Reviewed by Lauren Guilbeault

Published 06/27/2022

Often, someone will say, “you’re aggressive” when another individual is acting forcefully out of anger, or you might say that a treatment is aggressive as a way to describe its intensity. This is the correct use of the term “aggressive,” but nonetheless, it can be difficult to differentiate anger as an emotion from aggression when they are so often used together. In this article, we will cover the term aggression as it functions in a behavioral context, provide examples of aggressive behavior, explain some possible reasons why some people may be more aggressive than others, and talk about how to seek support for aggression or aggressive behavior.

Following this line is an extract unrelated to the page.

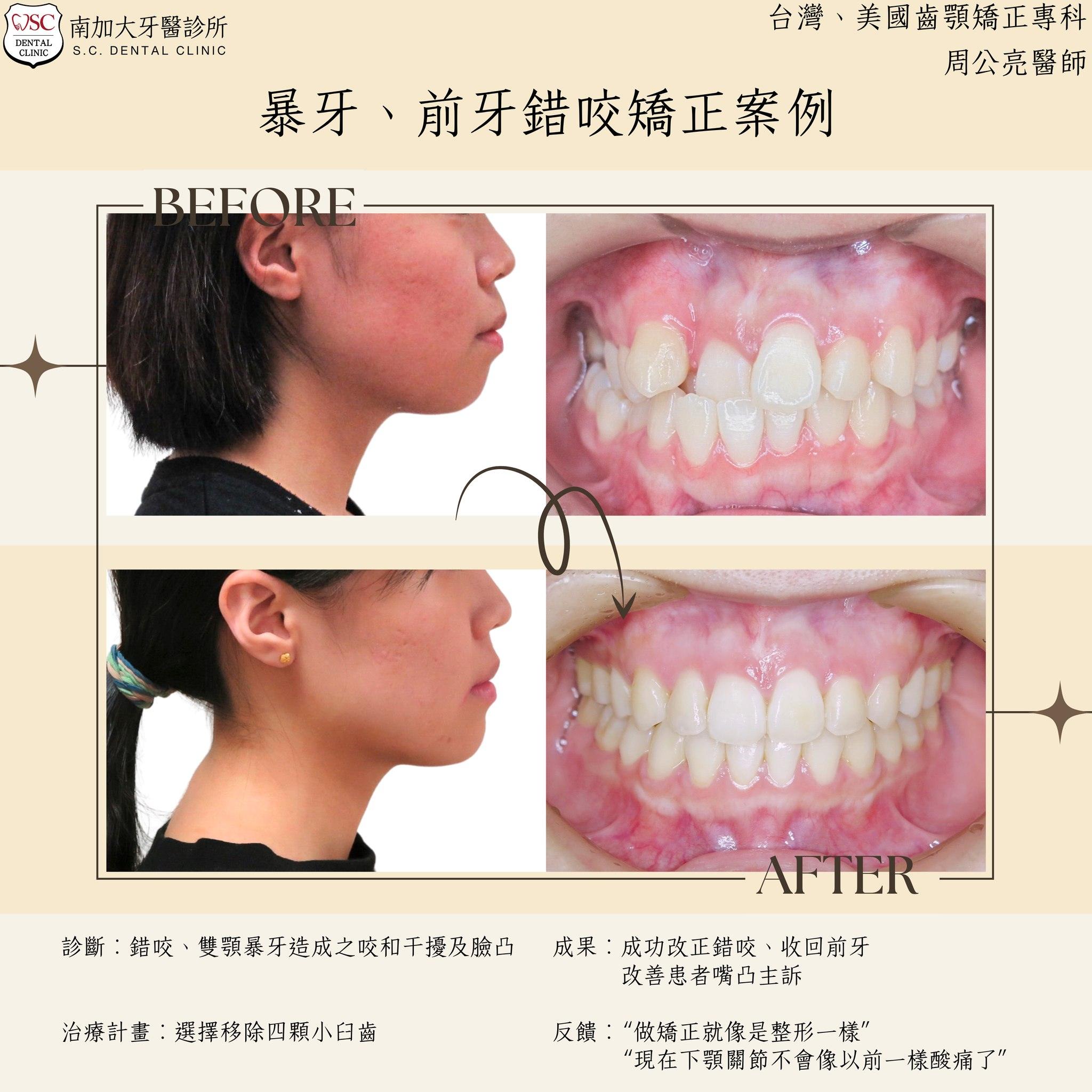 矯正案例|暴牙、前牙錯咬矯正案例 1 矯正案例 暴牙、前牙錯咬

The Meaning Of Aggression Vs. The Meaning Of Anger

The Merriam-Webster dictionary definition of “anger” as a noun is “a strong feeling of displeasure and usually of antagonism.” The dictionary definition of anger as a verb is “to make someone angry.” The dictionary definition of aggression, on the other hand, is "a forceful action or procedure (such as an unprovoked attack) especially when intended to dominate or master," "the practice of making attacks or encroachments," or "hostile, injurious, or destructive behavior or outlook especially when caused by frustration," according to the Merriam-Webster dictionary.

The most simple differentiation between aggression and anger is that anger is an emotion that doesn’t necessarily have any specific action attached to it, whereas aggression relates to behavior. Anger is a normal and healthy emotion that everyone experiences, and anger itself is not something to be afraid of. The difference between feeling anger and having anger issues is how someone manages anger. If someone manages anger poorly, they may exhibit aggressive behavior.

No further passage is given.